Even Captain Cook wrote of massive fires as he sailed up the East Coast of Australia.  The plants of Australia have evolved and adapted to cope with fire, it's been going on for millions of years.  Yet people are so surprised when they build their homes near the forest, and then once in their short lifetime it all burns down. Meanwhile, academics who are convinced of their expertise in land management are now sending their favorite superhero to the rescue:  Captain Hindsight.  The Aborigines would never have allowed this to happen.

As for mitigating the effects of global warming, while you perhaps plan to instate a carbon tax or turn off some light bulbs to save the planet, meanwhile in the massively over-populated industrial regions where the western world exported its industries decades ago, such as China, Southeast Asia, India, Mexico, Eastern Europe, and parts of Africa.....

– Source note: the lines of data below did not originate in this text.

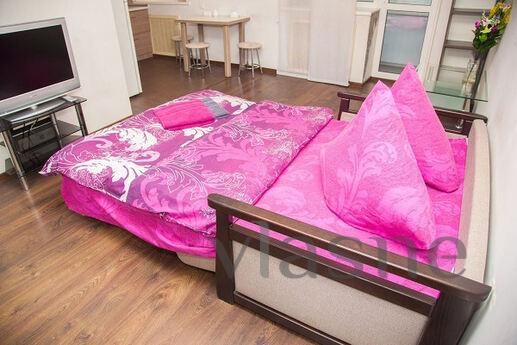 Daily rent 1-room semi-suite Ukrainskaya st., Zaporizhzhia - apartment by the day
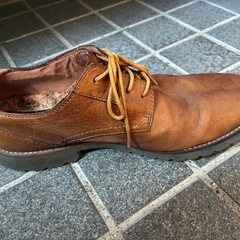 Rockport ブラウン レザー カジュアルシューズの画像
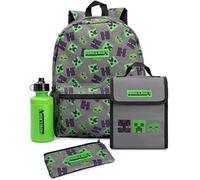Minecraft Rucksack Set Kids 4 Stück Bösewichte Lunchbox Wasserflasche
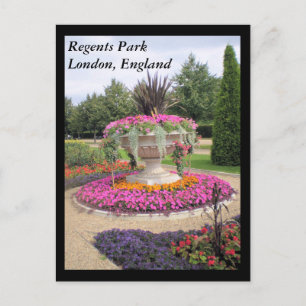 Regents Park, London, England briefkaart
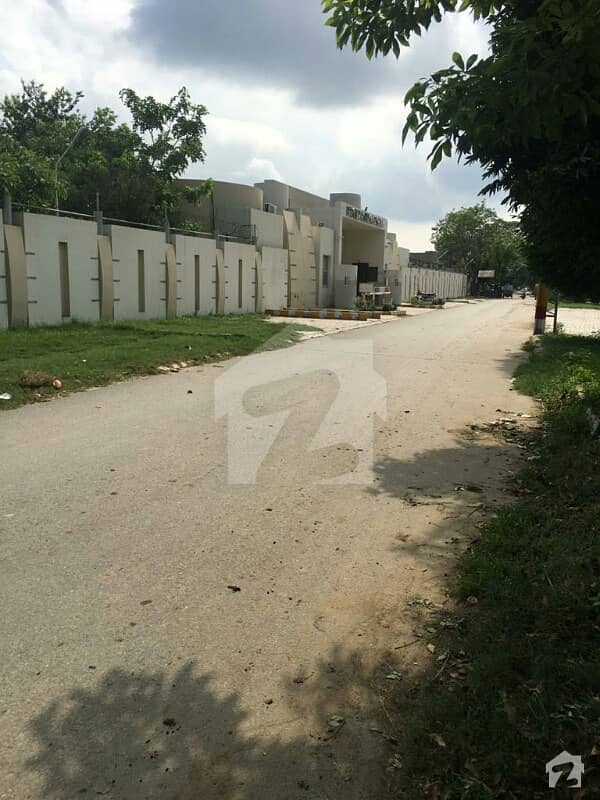 Commercial Plot For Sale Situated In Main Canal Bank Road Near American International School Harbanspura Lahore Cantt.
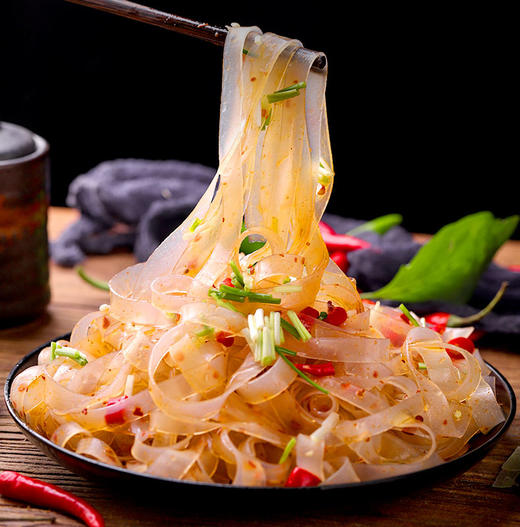 山药荞麦凉皮，9袋组合，精选新鲜铁棍山药和荞麦为原料，高营养，无添加，真材实料，粉皮纯净透亮，匠心之作，劲道爽滑，软糯适中，炖、拌、炒，吃法多样M 商品图2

Well, at least your press release might get some funding from the government so that some bumbling boffins can study the problem, model it, and publish papers about it in obscure journals that hardly anyone reads.  When Australia burns again in another massive inferno 20 years from now, there will no doubt be another President of the Academy making a public statement about how scientists are making a difference in the world, and they will be creating a plan to mitigate the problem.


Yours,
Dave, who has a very important PhD from a very important university that makes the world go around (I actually left Australia many years ago, so I could avoid a life of underemployment as a scientist and enter the burgeoning electronics R&D industry of California, where they have real research with real results, not just talk).